Rose Levy Beranbaum developed a method for berry puree that involves extracting the juice, concentrating it down to one-fifth it’s original volume, pureeing the berry flesh and then adding back in the juice/syrup. This gives the puree maximum berry flavor without cooking the pulp, which tends to lead to a caramelized, sugary flavor rather than a pure berry flavor. While you could just puree fresh berries and call it a day, berries, and strawberries especially, contain so much water that the flavor of the puree, without some amount of cooking off the water, will be much less intense.
I’ve been washing and hulling and slicing strawberries ’til my fingers are permanently pink. Therefore, once I finished the batch of puree, I decided I deserved a break: vanilla ice cream, fresh sliced strawberries, and strawberry puree. Or, as I like to call it, lunch. Berrylicious!
Adapted from Strawberry Sauce in The Pie and Pastry Bible by Rose Levy Beranbaum
Rose’s Strawberry Puree
- 5 cups (20 oz) strawberries, frozen overnight if fresh (freezing overnight helps fresh berries to release their juice)
- 2 tsp lemon juice
- pinch sea salt
- In a colander suspended over a deep bowl, thaw the strawberries completely. This will take several hours at room temperature, or you can place in an oven with a pilot light, or slowly defrost in the microwave (do not allow berries to cook).
- Press on the berries (if necessary) to force out the juice. You should yield about 1 and 1/4 cups of juice.
- In a small saucepan boil the juice until it is reduced to 1/4 cup (the juice will thicken and become syrupy). Alternatively, you can microwave the juice on high, in a greased, 4-cup measure or bowl, until reduced, which will give the purest strawberry flavor (as there is no chance for carmelization).
- Puree the strawberries in a food processor. You should yield 1 liquid cup of puree. Stir in the reduced strawberry juice, lemon juice and salt.
Yields 1 and 1/4 cups puree.
- To make a lightly-sweetened strawberry sauce of this puree, add 1/4 cup (1.75 oz) sugar, 3 tbsp honey, or 4 tbsp maple syrup (1.75 oz) and stir until dissolved.
- You may omit lemon juice in order to make the puree completely local; however a small bit of lemon juice punches up the strawberry flavor, so I think it is worth it.
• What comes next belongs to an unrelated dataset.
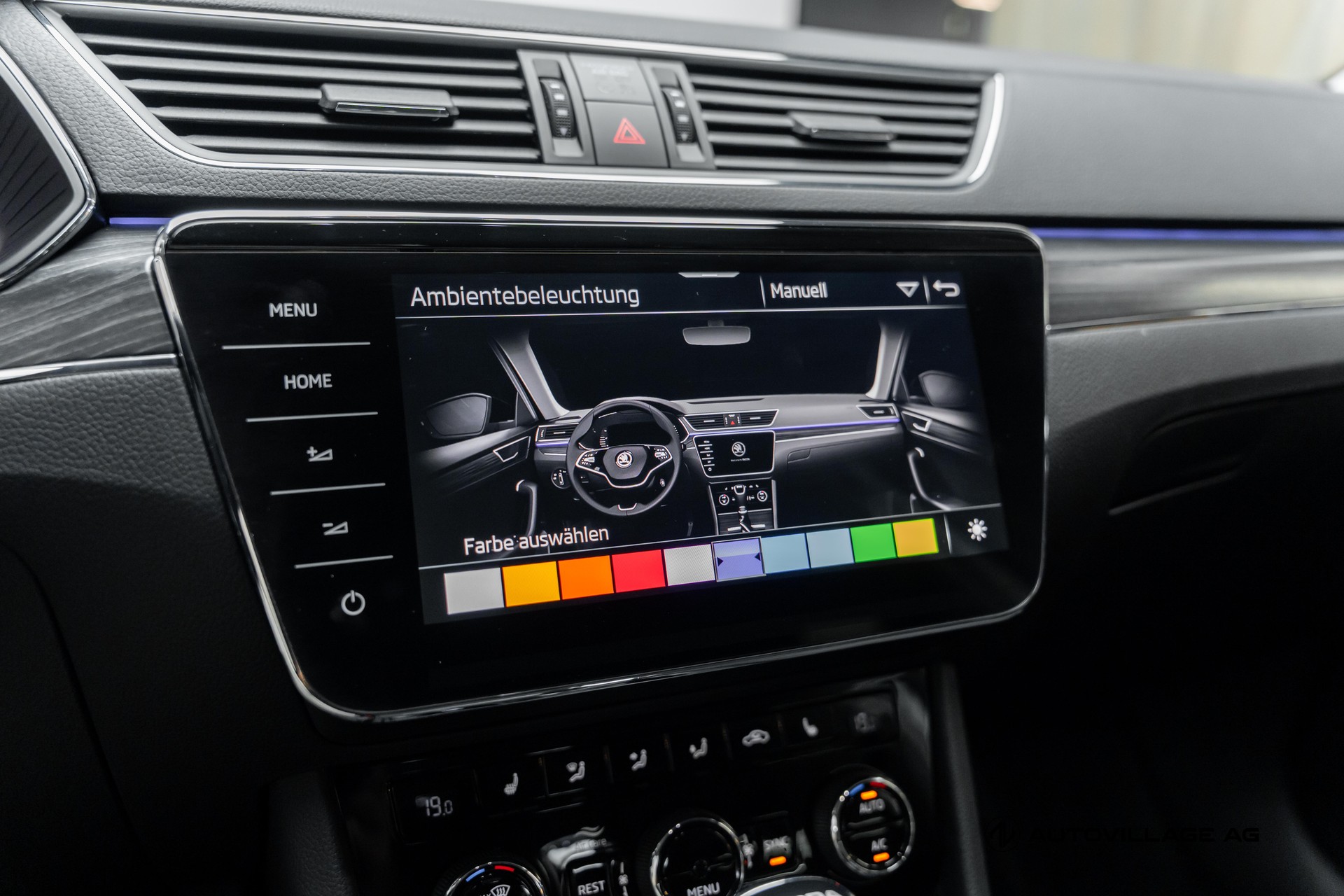 SKODA Superb Combi 2.0 TDi Style 4x4 DSG-image-12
You might increase the salt (2 pinches I guess!) a bit in order to counteract the lack of lemon juice.
- I like the texture that the inclusion of tiny strawberry seeds gives this puree, so I do not strain it. If you don’t like the seeds, force the puree through a fine mesh sieve prior to using or storing.
- Strawberries are safely acidic, even without the addition of lemon juice, to can this puree as is; however, as the whole point of Rose’s method is not to cook the strawberry pulp, I choose to freeze the puree. If freezer space is at a premium, fill sterilized 4- or 8-oz jars to within 1/4-inch headspace and process for 10 minutes in a boiling water bath.
Up to 10 days in the refrigerator. Up to 1 year frozen. I like to freeze this in ice cubes trays for about a day, then transfer the cubes to a Ziplock bag, that way I have handy portion-sized amounts for strawberry cream cheese frosting, a quick strawberry balsamic vinaigrette, to stir into oatmeal or yogurt, to serve on pancakes or waffles… you get the idea.
Strawberry season! Early summer here, but since this needs to be made with frozen strawberries, the puree can actually be made all year round.